Well... it makes me smile a little that someone wakes up in the morning with an idea and demands its implementation🙂

If you use Zorin, you'll have to accept Wayland; otherwise, change your distro.

The missing features you mentioned seem to me to be already integrated into GNOME. Sure, some things can't be done, like intercepting keystrokes from any application, but think about how insecure that is. Wayland is inherently more secure, and obviously faster.

Just incase, like I told the fure about Mint.

Ah, the Change of their Release Cycle. Well, they did it for better Prepapration and Work on it. I wouldn't cook that up too much. When they want to take more Time to program and create their Stuff they should have it. And when that helps, why not. It isn't so that the current Version would lost the Support.

In the one example you gave, yes. But inherently more secure than X11? Not at all.

The problem with security in Wayland is that X11 uses a server.
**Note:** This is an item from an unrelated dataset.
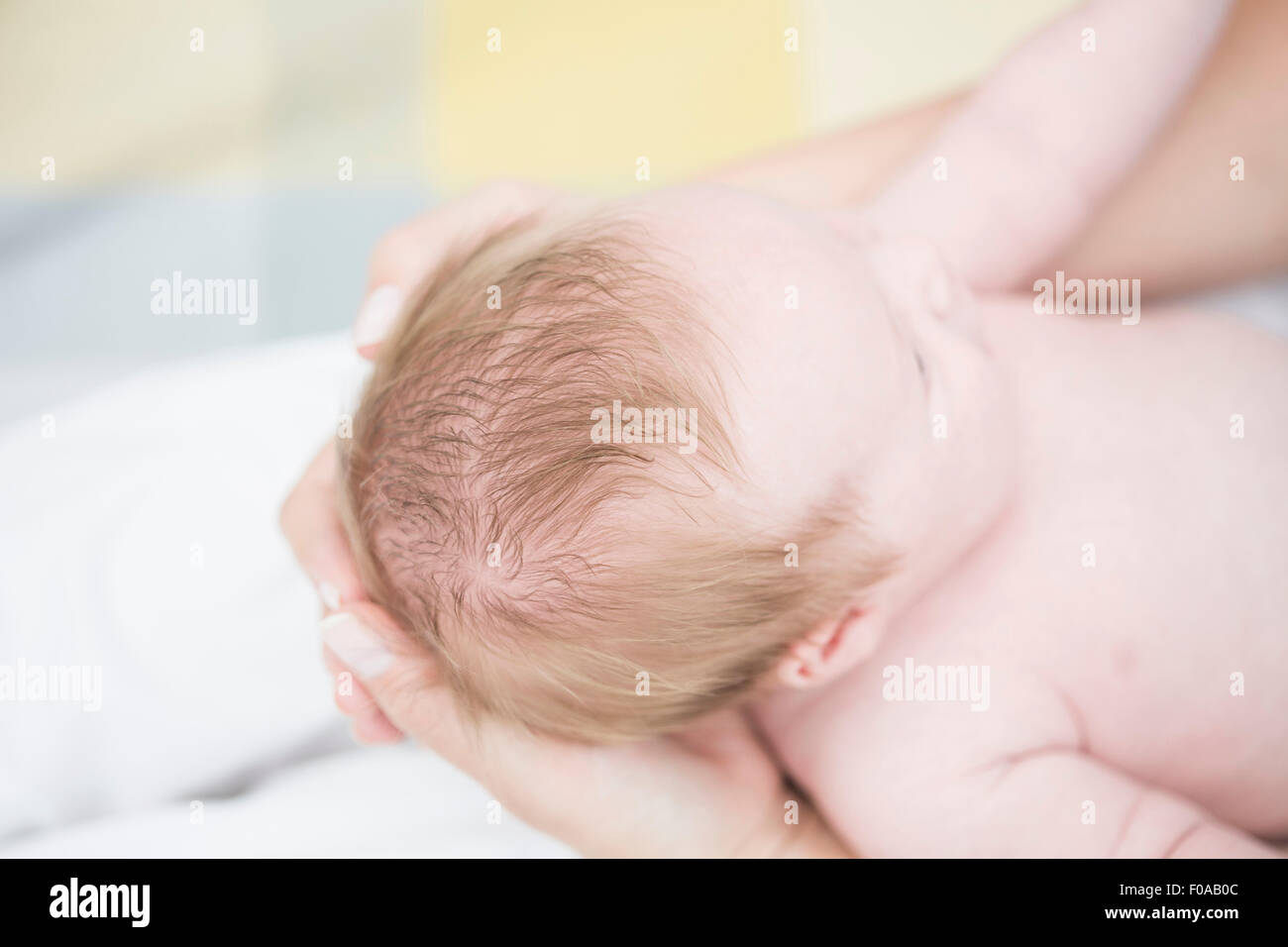 Madre cullano il bambino nelle braccia Foto Stock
This is Waylands selling point: That it does not have a middle-man server.
But that server is x11's security selling point and why the security offered in Wayland is entirely dependent on peripheral examples:
Wayland links direct communication with the Kernel and the Display, with no server and nothing in between to buffer that. Hack that, and you get access to the Entire System. Everything.
And since there is no server, this means that you cannot patch it. Any exploit patch must rewrite Wayland itself.

This is the major thorn in Wayland's paw and their management of this is simply to run X11 in the background to add the security - And it does not tell you.